Tak Facebook reaguje na bojkot reklamy
Dużo więcej informacji można znaleźć na stronie internetowej kampanii, na przykład dalsze kroki, jakie należy podjąć po bojkocie reklamy, czy informacje o tym, jak konsumenci mogą stać się aktywni. Ale co teraz robi Facebook? Jak reaguje firma, która ma teraz mniejsze dochody, bo toleruje faszyzm, rasizm, nienawiść i mowę nienawiści?

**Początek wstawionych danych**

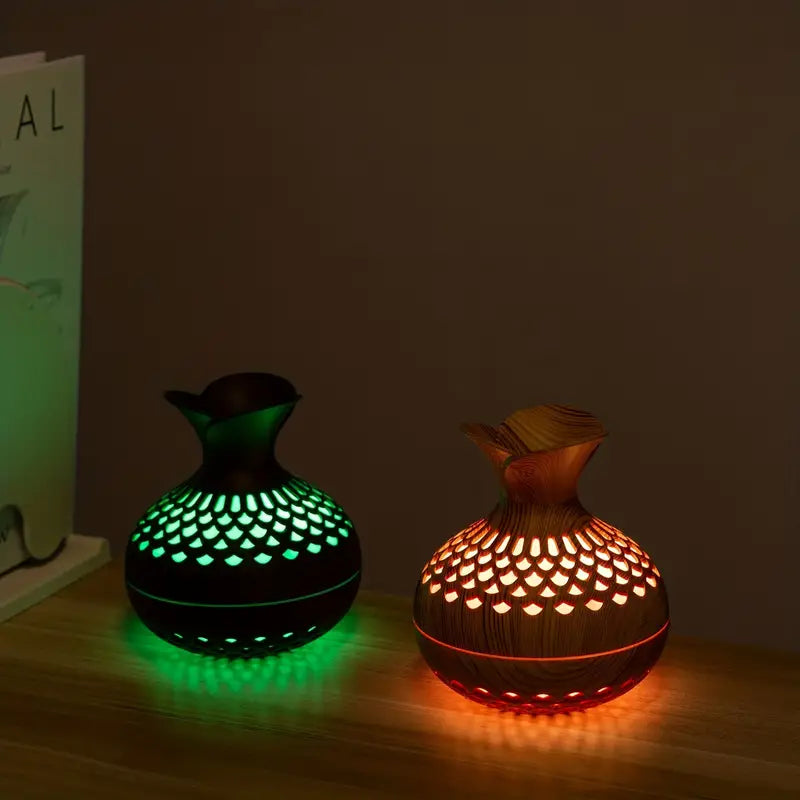 Dekorativ aromaspreder med blomster, skaper rolig atmosfære og sprer eteriske oljer for velvære hjemme.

Między innymi lustro (tutaj) i t-online (tutaj) dają wgląd. W związku z tym posty aktorów politycznych w szczególności powinny być lepiej moderowane, aby były oznaczane lub usuwane, jeśli zawierają wątpliwe treści. Nawet w reklamie (np. wyborczej) należy wreszcie zwrócić uwagę na prawa człowieka. Więc to tylko kropla w morzu, bo Facebook powinien podjąć działania przeciwko wszelkiej mowie nienawiści wśród wszystkich użytkowników, w grupach, na podobnych stronach i tak dalej.

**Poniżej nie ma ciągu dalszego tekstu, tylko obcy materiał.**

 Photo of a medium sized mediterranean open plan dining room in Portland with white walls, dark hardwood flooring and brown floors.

Jak zgłaszać posty i komentarze na Facebooku
Jeśli zauważysz posty lub komentarze na platformie mediów społecznościowych, które są rasistowskie, faszystowskie lub w inny sposób propagujące nienawiść, nie odwracaj wzroku. Możesz je zgłosić zarówno w przeglądarce internetowej, jak i w aplikacji. Po prostu kliknij lub dotknij trzech kropek w prawym górnym rogu, a następnie „Uzyskaj pomoc lub zgłoś post”. Następnie możesz wybrać powód zgłoszenia (np. mowa nienawiści, fałszywe zgłoszenia lub przemoc). Pomoże to w wycofaniu odpowiednich treści z obiegu. Nie ma jednak gwarancji, że to, co zostało zgłoszone, zostanie usunięte.
Related Stories
Jens prowadzi bloga od 2012 roku. Pełni rolę Sir Apfelot dla swoich czytelników i pomaga im w problemach natury technicznej. W wolnych chwilach jeździ na elektrycznych monocyklach, robi zdjęcia (najlepiej iPhonem oczywiście), wspina się po górach Hesji lub wędruje z rodziną. Jego artykuły dotyczą produktów Apple, nowości ze świata dronów czy rozwiązań aktualnych błędów.